The rapid development of internet content is a challenge for effective separation and summary of relevant information. In this tutorial we show how one can use For internet scraping and processing separate data using AI models reminiscent of Google Gemini. Integrating these tools in Google Colab, we create a comprehensive flow of work that raises web sites, downloads significant content and generates concise summaries using the newest language models. Regardless of whether you need to automate the research, separate insights from articles, or construct AI powered applications, this tutorial provides a solid and flexible solution.
!pip install google-generativeai firecrawl-py
First, we install Google-Generativeai Firecrawl-Py, which installs two obligatory libraries required for this tutorial. Google-Generativeai provides access to the API Google Gemini interface to generate a text driven by artificial intelligence, while Firecrawl-Py permits you to scrape internet by downloading content from web sites in a structured format.
import os
from getpass import getpass
# Input your API keys (they can be hidden as you type)
os.environ["FIRECRAWL_API_KEY"] = getpass("Enter your Firecrawl API key: ")
Then we safely set the API FireCrall key as an environmental variable in Google Colab. Uses Getpass () to encourage the user to the API key without displaying it, ensuring confidentiality. Storing the important thing in OS.ENVIRON permits you to easily authenticate the Firecrawl scraping function through the session.
from firecrawl import FirecrawlApp
firecrawl_app = FirecrawlApp(api_key=os.environ["FIRECRAWL_API_KEY"])
target_url = "https://en.wikipedia.org/wiki/Python_(programming_language)"
result = firecrawl_app.scrape_url(target_url)
page_content = result.get("markdown", "")
print("Scraped content length:", len(page_content))
We initialize Firecrawl by creating Firecwapp with the saved API key. Then scrape the contents of a selected website (on this case Python Wikipedia programming page) and isolates data in Markdown format.
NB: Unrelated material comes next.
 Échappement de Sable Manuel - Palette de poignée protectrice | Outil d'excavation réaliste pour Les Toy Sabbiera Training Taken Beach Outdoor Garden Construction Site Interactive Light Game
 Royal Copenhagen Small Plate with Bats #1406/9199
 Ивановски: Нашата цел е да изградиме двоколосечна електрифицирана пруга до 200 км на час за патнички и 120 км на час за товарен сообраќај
Finally, it prints the length of the scraped content, enabling us to confirm successful download before further processing.
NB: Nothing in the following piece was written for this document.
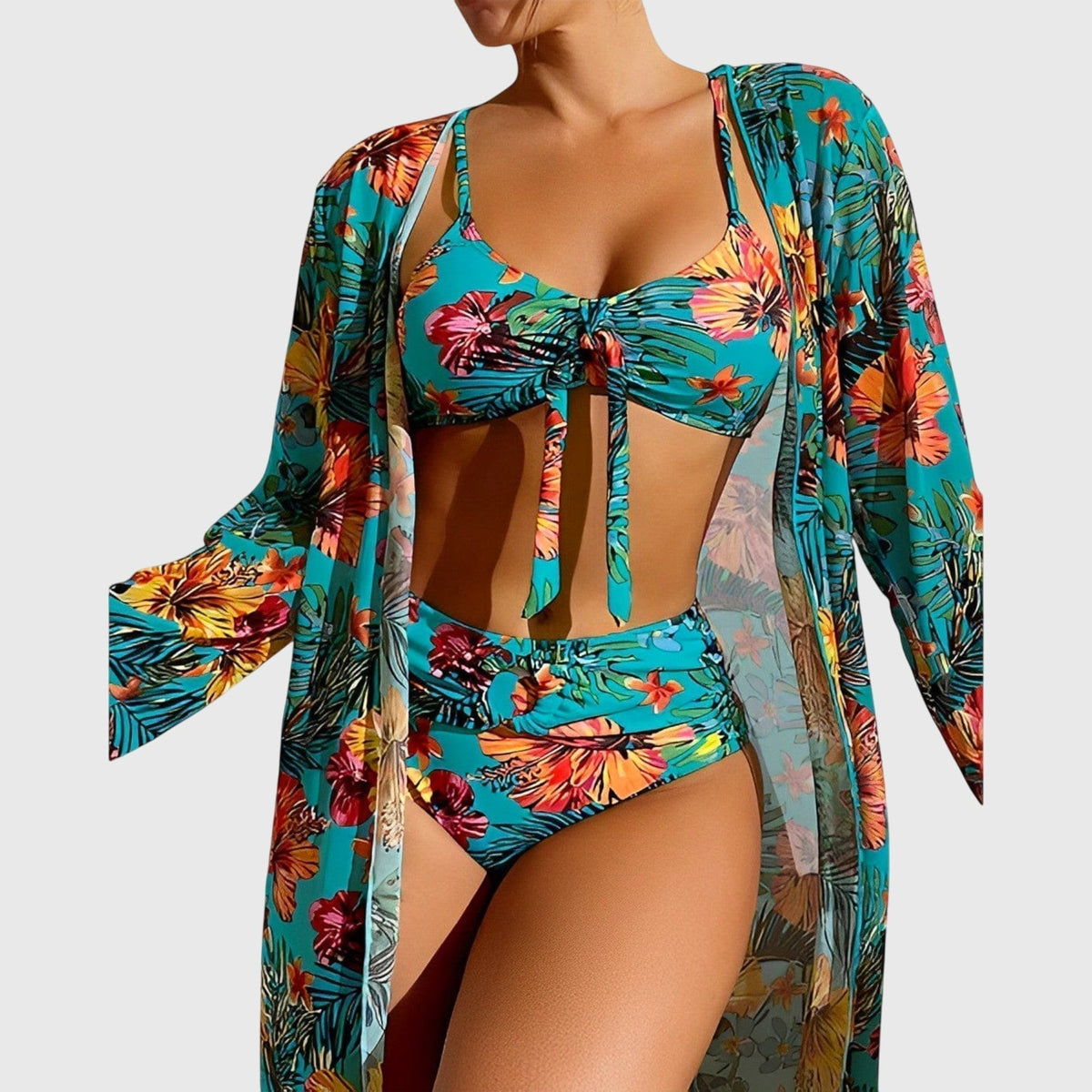 Bikini tres piezas Benidorm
import google.generativeai as genai
from getpass import getpass
# Securely input your Gemini API Key
GEMINI_API_KEY = getpass("Enter your Google Gemini API Key: ")
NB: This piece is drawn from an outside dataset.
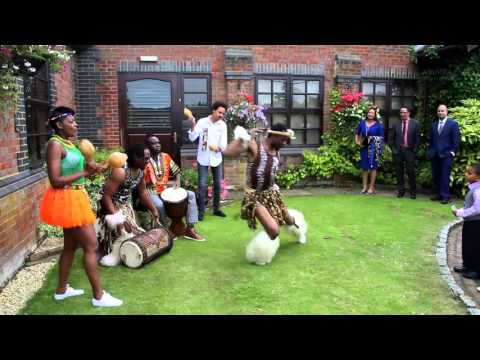Arimba Marimba Wedding performance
genai.configure(api_key=GEMINI_API_KEY)
We initialize the API Google Gemini, safely capturing the APi key using Getpass (), stopping it from displaying it in an everyday text. The Genai.Configure (API_KEY = Gemini_API_KEY) command configures the API client, enabling smooth interaction with Google’s Gemini AI to generate text and summary. This ensures protected authentication before submitting applications to the AI model.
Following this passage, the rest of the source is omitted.